== Segment start ==
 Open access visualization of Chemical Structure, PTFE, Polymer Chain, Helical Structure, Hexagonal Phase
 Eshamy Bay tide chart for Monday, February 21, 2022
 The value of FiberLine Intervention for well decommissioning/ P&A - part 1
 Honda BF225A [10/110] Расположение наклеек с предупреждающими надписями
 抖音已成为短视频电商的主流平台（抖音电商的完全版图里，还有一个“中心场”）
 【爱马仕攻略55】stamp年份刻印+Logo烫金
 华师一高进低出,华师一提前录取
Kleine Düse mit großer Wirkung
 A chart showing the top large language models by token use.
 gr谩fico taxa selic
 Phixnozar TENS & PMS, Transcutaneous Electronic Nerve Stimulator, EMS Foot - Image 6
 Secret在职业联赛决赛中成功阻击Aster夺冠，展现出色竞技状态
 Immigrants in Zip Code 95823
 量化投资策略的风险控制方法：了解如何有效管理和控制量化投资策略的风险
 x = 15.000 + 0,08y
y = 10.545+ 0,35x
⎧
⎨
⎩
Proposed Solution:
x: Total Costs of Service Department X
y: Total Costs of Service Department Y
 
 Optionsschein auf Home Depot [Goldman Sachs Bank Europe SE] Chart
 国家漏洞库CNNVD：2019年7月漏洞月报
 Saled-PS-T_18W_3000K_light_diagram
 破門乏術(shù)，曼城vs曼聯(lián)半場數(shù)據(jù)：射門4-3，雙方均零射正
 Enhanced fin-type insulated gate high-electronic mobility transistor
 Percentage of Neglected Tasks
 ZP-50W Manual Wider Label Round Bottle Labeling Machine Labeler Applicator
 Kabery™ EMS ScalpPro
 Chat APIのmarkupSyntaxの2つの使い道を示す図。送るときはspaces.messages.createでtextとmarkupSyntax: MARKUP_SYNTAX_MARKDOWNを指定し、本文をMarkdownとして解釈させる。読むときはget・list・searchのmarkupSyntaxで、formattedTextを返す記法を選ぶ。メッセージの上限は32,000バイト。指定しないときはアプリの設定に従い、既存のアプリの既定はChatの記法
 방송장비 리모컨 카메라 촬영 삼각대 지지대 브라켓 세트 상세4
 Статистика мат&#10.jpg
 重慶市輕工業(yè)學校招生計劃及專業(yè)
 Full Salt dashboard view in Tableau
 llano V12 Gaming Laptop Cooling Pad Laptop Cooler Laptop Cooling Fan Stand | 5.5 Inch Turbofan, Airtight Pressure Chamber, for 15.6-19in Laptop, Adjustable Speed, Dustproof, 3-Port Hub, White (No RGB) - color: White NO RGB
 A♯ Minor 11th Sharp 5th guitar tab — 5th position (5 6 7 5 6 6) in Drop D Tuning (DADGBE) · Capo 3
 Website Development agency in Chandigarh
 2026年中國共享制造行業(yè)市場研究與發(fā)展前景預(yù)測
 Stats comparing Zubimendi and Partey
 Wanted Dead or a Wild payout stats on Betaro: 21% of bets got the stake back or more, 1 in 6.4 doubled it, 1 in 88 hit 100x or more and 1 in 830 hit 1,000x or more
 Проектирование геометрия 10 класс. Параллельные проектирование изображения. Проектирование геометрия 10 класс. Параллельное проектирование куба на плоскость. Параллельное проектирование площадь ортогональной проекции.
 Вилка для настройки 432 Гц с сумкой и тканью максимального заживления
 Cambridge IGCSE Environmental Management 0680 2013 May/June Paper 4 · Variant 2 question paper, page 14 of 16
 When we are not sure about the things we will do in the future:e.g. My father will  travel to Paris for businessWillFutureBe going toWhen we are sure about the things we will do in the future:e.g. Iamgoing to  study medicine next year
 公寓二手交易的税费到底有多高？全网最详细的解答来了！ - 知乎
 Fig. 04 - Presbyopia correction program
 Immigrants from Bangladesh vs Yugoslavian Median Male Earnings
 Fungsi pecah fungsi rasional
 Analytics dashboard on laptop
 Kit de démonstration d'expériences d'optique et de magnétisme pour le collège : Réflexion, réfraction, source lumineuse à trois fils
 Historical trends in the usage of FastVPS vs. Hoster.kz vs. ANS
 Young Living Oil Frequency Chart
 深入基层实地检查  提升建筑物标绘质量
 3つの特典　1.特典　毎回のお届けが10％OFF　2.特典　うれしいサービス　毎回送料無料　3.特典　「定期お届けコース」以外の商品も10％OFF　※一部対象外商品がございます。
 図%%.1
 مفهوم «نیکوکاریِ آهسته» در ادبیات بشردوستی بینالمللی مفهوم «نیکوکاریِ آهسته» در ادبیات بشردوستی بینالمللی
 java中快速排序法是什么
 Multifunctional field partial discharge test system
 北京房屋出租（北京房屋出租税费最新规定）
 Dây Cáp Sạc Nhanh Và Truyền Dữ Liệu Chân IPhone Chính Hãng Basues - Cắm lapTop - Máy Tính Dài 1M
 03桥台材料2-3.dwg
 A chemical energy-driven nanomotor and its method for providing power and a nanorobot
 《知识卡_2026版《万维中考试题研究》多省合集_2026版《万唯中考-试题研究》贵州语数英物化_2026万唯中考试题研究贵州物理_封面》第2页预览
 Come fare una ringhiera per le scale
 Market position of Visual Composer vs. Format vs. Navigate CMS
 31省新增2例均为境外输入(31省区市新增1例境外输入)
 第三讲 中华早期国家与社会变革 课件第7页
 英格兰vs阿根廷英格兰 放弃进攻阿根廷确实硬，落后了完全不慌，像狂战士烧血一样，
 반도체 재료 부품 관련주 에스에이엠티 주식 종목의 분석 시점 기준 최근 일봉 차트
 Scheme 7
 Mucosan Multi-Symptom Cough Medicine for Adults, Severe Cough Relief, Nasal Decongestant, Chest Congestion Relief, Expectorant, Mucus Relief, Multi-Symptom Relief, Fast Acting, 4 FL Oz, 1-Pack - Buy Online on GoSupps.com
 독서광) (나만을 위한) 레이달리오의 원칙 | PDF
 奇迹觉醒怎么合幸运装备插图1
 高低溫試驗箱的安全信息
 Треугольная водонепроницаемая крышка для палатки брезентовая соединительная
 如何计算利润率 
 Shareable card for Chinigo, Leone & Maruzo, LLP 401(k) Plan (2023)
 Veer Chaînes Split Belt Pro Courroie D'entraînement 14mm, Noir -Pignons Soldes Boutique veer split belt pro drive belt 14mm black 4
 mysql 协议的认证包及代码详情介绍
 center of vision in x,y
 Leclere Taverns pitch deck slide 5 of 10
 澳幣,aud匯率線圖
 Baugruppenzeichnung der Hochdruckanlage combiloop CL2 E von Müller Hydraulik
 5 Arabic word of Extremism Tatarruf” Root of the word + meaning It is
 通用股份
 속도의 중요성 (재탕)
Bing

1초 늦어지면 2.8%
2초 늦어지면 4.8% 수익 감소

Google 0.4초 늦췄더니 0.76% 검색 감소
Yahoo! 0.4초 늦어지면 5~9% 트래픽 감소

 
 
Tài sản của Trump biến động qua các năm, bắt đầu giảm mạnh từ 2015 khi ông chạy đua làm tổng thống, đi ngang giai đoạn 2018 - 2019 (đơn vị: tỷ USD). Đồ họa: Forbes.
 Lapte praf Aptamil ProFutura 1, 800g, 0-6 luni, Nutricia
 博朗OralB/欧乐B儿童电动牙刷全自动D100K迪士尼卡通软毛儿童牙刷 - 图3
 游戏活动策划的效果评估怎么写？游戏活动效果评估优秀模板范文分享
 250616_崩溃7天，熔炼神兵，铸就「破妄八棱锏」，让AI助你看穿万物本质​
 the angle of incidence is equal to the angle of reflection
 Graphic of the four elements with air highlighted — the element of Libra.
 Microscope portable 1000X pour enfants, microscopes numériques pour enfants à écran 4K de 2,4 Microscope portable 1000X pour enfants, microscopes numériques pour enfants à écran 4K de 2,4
== Segment end ==
Copy all lines of the records in which the string "Total" can be found.

x: Total Costs of Service Department X
y: Total Costs of Service Department Y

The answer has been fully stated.